Initial read-only endpoint can be folded into the existing recovery audit:

GET /api/session/recovery/audit

Later, if needed:

GET /api/session/turn-journal?session_id=<id>

The latter should be diagnostic-only and redact or omit large attachment payloads.

Rollout plan

  1. Land backup/sidecar recovery and audit primitives.
  2. Add this journal writer in the turn-submission path behind no config flag; it is local-only and append-only.
  3. Add read-only audit reporting for pending journal turns.
  4. Add safe repair for missing user messages and interruption markers.
  5. Once stable, consider pruning completed journal entries older than a retention window, but only after sidecar/index recovery has no findings.

Open questions

  • Exact place to define turn_id so browser retry and server retry do not duplicate the same user message.
  • Whether attachment files need their own durable manifest entry or whether metadata-only is enough for v1.
  • How much of the assistant partial output, if any, should be recoverable after assistant_started but before completed.
  • Whether completed journal entries should be compacted into a per-session checkpoint file.

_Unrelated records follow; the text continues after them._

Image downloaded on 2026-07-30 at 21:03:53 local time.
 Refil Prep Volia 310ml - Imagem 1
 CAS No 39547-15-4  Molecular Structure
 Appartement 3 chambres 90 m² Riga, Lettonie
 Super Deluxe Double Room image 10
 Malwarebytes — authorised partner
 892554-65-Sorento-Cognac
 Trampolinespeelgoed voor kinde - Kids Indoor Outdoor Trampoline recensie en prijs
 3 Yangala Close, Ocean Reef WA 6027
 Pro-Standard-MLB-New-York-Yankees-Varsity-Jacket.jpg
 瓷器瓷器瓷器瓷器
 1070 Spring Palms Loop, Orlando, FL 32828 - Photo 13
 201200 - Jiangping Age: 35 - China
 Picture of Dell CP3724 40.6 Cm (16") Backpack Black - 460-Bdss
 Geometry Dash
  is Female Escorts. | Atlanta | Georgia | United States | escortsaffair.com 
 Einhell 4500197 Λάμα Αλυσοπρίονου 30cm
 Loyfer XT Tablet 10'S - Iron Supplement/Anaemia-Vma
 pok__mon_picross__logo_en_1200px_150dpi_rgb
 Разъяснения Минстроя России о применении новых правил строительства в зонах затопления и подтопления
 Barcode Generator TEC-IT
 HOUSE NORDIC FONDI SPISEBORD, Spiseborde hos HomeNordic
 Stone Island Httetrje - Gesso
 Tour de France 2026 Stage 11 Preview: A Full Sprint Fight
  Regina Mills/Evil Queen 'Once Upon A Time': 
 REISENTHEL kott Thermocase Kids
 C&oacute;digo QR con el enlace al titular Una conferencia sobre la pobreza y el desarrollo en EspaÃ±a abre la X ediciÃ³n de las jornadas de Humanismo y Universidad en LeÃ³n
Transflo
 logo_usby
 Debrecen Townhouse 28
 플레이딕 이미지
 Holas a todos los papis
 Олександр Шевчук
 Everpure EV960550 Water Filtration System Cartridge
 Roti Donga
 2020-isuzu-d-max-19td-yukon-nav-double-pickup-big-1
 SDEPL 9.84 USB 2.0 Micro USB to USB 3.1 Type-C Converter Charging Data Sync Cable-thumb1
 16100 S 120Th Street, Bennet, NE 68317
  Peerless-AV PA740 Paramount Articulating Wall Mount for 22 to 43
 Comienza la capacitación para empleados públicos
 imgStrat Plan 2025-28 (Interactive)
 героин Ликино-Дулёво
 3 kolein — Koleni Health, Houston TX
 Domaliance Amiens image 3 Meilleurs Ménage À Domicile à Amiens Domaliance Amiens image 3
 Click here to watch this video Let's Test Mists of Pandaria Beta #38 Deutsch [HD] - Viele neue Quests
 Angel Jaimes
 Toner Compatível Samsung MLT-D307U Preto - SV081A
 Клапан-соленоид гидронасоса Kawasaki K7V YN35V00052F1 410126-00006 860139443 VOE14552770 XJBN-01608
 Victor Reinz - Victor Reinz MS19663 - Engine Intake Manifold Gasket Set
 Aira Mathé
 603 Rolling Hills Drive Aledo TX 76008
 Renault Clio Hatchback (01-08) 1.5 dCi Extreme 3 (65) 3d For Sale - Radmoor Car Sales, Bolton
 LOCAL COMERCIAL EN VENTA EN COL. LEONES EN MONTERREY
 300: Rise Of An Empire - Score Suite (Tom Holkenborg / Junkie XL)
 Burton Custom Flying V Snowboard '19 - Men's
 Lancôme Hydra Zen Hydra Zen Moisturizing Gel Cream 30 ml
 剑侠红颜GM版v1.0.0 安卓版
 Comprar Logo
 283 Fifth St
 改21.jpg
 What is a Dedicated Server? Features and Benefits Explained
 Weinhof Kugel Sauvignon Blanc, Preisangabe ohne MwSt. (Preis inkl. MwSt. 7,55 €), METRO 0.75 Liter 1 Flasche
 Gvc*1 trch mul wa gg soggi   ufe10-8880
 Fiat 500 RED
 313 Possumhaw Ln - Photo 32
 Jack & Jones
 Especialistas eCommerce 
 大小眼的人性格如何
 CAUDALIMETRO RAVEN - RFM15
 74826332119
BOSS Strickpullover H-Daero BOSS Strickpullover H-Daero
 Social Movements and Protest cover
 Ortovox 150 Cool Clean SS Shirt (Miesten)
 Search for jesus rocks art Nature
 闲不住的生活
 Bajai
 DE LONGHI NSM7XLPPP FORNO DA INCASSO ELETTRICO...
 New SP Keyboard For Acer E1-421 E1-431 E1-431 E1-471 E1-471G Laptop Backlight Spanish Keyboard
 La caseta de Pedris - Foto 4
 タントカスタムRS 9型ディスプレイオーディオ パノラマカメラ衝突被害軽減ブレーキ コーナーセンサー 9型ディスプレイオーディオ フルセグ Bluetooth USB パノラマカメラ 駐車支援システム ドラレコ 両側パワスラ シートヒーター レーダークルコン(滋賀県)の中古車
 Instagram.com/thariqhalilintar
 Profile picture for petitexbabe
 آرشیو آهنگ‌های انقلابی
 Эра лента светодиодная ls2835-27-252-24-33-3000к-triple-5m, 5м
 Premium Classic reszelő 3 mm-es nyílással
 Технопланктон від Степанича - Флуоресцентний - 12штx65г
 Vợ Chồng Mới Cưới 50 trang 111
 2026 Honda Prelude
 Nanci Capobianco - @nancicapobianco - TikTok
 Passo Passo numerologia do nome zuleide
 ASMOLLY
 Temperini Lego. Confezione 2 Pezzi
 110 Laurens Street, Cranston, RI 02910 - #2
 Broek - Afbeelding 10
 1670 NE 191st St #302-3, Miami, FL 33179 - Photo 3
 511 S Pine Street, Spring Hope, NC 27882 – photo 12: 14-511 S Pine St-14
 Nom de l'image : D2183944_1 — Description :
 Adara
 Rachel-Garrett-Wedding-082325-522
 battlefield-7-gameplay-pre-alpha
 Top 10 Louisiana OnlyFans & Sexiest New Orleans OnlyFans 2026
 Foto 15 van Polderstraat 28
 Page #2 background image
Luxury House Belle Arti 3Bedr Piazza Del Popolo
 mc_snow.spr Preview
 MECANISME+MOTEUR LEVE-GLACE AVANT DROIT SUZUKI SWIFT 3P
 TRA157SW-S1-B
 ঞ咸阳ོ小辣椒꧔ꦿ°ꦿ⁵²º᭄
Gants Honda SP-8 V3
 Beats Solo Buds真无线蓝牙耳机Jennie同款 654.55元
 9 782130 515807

Minimal implementation slice

The first implementation PR should be deliberately small:

  • helper: append_turn_journal_event(session_id, event)
  • helper: read_turn_journal(session_id)
  • unit tests for atomic append, malformed-line tolerance, and state derivation
  • one call site: append submitted before worker start
  • audit-only report of pending journal turns

Do not combine the first implementation with replay/repair. Replay is where most of the bugs in WAL systems live; ship the writer and audit first, prove the format, then add repair.